On Fri, 2 Oct 2009, Scott Marlowe wrote:
> I found that lowering checkpoint completion target was what helped.
> Does that seem counter-intuitive to you?
Generally, but there are plenty of ways you can get into a state where a
short but not immediate checkpoint is better. For example, consider a
case where your buffer cache is filled with really random stuff. There's
a sorting horizon in effect, where your OS and/or controller makes
decisions about what order to write things based on the data it already
has around, not really knowing what's coming in the near future.
Let's say you've got 256MB of cache in the disk controller, you have 1GB
of buffer cache to write out, and there's 8GB of RAM in the server so it
can cache the whole write. If you wrote it out in a big burst, the OS
would elevator sort things and feed them to the controller in disk order.
Very efficient, one pass over the disk to write everything out.

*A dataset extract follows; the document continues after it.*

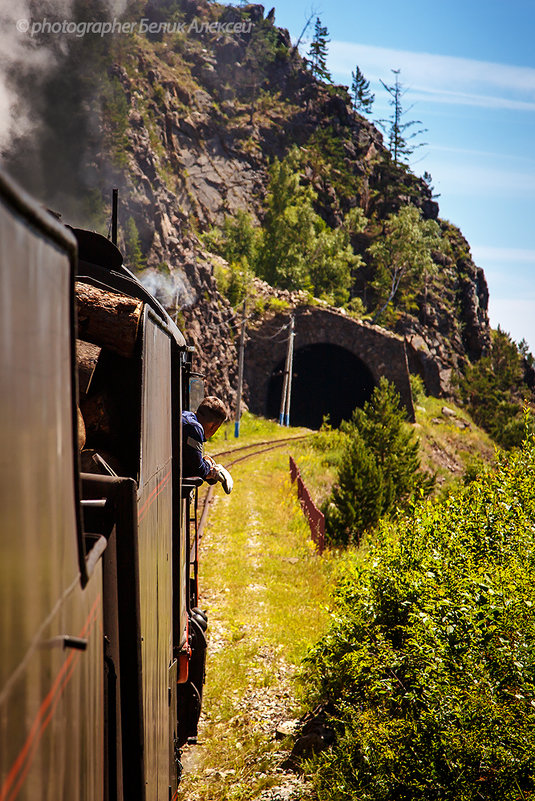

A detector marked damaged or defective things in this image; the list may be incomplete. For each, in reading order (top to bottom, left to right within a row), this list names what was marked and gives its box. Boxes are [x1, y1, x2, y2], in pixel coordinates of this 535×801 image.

rusty metal fence [292, 454, 324, 552]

But if you broke that up into 256MB write pieces instead on the database
side, pausing after each chunk was written, the OS would only be sorting
across 256MB at a time, and would basically fill the controller cache up
with that before it saw the larger picture. The disk controller can end
up making seek decisions with that small of a planning window now that are
not really optimal, making more passes over the disk to write the same
data out. If the timing between the DB write cache and the OS is
pathologically out of sync here, the result can end up being slower than
had you just written out in bigger chunks instead. This is one reason I'd
like to see fsync calls happen earlier and more evenly than they do now,
to reduce these edge cases.
The usual approach I take in this situation is to reduce the amount of
write caching the OS does, so at least things get more predictable. A
giant write cache always gives the best average performance, but the
worst-case behavior increases at the same time.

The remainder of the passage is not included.